Description of the task:
Each line of the data below that holds the word "Outdoor" is to be reported in full.

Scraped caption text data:
####

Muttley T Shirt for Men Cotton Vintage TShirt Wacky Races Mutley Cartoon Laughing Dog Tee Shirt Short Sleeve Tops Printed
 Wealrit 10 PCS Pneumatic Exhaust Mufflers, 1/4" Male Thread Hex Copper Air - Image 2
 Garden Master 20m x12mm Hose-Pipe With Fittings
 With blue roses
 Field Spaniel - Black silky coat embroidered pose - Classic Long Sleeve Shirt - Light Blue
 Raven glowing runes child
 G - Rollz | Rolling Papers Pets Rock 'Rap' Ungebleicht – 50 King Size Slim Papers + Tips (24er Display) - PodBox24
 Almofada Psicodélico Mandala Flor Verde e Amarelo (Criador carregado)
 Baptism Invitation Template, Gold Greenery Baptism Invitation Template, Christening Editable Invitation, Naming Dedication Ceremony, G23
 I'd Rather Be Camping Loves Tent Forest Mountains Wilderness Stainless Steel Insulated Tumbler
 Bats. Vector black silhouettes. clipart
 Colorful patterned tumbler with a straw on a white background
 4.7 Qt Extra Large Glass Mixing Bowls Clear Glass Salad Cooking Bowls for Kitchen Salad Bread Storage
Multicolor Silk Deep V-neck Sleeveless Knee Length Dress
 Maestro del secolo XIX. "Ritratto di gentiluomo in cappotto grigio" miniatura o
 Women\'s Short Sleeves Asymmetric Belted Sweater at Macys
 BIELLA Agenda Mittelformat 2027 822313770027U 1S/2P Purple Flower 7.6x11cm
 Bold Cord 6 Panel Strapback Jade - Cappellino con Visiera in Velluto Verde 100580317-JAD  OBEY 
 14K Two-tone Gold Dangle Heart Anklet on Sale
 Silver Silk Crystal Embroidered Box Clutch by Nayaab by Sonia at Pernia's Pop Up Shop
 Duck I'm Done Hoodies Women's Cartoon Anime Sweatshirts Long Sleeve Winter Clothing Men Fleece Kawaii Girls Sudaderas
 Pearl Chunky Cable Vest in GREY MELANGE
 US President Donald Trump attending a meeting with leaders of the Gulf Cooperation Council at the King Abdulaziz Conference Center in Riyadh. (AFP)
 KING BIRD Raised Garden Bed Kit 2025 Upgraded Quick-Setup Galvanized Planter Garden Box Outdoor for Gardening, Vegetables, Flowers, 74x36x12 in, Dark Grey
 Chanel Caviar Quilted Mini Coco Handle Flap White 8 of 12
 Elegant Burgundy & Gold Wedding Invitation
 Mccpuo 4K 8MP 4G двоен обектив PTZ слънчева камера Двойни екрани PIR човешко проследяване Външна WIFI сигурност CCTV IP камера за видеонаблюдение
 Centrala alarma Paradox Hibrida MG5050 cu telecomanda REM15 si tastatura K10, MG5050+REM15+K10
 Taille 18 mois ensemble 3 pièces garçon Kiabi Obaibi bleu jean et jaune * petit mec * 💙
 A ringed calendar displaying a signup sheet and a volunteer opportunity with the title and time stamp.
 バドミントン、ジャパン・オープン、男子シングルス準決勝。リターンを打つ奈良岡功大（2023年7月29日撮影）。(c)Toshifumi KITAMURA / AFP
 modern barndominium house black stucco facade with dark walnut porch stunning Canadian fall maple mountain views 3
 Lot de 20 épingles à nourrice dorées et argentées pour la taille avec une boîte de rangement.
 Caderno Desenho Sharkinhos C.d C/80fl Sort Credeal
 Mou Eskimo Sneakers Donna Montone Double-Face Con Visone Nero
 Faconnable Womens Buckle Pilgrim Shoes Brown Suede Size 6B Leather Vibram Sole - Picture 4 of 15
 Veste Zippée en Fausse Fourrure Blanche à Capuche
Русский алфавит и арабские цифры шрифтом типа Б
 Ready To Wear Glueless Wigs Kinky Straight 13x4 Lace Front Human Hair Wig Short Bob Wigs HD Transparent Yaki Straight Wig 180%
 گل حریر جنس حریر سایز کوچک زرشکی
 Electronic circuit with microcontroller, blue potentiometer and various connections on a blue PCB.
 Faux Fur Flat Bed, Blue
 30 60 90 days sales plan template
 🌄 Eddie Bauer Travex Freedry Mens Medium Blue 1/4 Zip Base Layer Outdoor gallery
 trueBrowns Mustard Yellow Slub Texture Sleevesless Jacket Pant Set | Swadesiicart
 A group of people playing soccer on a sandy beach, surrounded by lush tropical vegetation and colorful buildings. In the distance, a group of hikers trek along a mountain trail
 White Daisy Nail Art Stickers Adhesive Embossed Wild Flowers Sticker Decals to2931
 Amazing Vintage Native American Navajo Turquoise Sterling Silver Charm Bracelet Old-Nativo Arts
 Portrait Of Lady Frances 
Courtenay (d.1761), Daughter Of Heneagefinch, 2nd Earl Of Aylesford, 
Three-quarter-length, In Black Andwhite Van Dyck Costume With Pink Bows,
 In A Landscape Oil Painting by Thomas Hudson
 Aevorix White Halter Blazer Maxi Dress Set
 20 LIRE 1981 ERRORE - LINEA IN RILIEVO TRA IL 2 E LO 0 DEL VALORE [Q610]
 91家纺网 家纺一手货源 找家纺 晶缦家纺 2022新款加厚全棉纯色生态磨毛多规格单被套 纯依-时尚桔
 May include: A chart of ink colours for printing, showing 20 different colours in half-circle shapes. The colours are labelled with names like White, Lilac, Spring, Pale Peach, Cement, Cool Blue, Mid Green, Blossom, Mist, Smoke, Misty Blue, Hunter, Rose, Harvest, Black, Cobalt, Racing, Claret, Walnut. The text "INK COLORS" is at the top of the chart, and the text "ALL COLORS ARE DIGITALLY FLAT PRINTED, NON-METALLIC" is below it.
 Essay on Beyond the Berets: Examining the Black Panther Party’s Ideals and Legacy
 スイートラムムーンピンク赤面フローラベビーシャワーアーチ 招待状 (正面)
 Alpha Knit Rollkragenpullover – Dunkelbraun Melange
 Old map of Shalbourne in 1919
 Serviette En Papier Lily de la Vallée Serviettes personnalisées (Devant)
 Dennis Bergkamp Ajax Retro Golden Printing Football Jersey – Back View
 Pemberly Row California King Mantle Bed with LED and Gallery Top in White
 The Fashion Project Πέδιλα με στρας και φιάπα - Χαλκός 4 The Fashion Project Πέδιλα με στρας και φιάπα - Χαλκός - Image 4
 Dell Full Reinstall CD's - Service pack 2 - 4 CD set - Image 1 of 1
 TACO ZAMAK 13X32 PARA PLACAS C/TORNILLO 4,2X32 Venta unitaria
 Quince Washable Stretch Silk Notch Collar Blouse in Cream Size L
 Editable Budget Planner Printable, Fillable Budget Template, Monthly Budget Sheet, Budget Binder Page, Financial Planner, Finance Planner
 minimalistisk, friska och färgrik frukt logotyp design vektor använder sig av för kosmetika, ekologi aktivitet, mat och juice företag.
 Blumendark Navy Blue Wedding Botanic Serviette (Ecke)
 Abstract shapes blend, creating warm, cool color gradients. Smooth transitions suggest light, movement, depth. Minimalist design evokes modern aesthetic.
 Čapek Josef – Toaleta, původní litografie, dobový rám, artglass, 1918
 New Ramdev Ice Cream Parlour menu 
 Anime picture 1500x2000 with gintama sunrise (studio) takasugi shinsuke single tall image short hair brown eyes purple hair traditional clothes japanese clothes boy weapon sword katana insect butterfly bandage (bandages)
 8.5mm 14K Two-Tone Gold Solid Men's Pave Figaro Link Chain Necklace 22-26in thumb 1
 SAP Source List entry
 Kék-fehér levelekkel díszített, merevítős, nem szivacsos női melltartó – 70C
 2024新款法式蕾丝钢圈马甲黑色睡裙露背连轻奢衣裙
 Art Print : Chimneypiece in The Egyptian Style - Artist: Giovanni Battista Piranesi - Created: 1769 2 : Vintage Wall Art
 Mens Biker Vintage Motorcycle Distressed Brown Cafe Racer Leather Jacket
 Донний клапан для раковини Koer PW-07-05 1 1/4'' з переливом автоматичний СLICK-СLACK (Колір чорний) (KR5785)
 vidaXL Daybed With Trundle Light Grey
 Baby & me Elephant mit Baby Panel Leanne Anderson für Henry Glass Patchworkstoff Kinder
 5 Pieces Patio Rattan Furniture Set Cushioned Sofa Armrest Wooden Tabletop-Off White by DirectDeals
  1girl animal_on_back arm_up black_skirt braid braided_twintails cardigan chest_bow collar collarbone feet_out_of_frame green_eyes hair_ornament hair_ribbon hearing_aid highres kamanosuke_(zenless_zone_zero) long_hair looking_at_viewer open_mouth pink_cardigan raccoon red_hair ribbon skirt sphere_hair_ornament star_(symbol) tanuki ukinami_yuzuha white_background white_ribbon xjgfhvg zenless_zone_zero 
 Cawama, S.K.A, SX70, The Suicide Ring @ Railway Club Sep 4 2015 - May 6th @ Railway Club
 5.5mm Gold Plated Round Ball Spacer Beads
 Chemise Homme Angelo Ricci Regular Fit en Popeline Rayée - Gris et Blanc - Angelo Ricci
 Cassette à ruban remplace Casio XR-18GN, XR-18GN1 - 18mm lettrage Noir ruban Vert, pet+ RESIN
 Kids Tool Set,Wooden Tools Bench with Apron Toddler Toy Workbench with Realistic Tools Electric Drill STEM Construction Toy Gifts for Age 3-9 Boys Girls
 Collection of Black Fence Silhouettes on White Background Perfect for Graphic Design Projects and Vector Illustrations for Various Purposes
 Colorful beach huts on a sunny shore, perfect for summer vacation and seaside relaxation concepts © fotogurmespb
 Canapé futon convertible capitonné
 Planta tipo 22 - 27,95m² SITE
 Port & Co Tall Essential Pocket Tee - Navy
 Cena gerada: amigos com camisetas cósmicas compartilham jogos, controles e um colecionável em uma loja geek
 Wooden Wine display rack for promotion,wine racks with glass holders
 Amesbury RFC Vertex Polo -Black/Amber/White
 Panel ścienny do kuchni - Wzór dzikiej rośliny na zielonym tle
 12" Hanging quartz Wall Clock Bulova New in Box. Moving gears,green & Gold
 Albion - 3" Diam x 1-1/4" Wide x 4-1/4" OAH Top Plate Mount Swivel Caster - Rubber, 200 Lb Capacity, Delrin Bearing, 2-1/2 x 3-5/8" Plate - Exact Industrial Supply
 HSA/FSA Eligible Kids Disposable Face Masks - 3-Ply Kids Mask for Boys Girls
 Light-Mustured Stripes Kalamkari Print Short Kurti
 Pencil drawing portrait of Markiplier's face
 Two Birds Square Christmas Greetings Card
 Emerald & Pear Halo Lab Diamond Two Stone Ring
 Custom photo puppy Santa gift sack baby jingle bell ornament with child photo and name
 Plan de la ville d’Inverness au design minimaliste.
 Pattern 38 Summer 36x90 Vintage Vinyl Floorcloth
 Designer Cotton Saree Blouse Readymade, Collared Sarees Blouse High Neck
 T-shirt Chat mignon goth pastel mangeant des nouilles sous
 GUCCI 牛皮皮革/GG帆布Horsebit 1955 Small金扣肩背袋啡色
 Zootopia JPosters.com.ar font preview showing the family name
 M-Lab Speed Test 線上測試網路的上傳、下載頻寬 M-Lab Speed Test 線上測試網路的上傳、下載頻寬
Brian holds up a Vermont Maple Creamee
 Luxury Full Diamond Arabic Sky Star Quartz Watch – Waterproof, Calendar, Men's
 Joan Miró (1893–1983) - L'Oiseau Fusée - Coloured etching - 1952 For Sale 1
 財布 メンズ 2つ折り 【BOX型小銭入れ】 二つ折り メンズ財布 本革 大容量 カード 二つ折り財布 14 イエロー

####

Task result:
 KING BIRD Raised Garden Bed Kit 2025 Upgraded Quick-Setup Galvanized Planter Garden Box Outdoor for Gardening, Vegetables, Flowers, 74x36x12 in, Dark Grey
 🌄 Eddie Bauer Travex Freedry Mens Medium Blue 1/4 Zip Base Layer Outdoor gallery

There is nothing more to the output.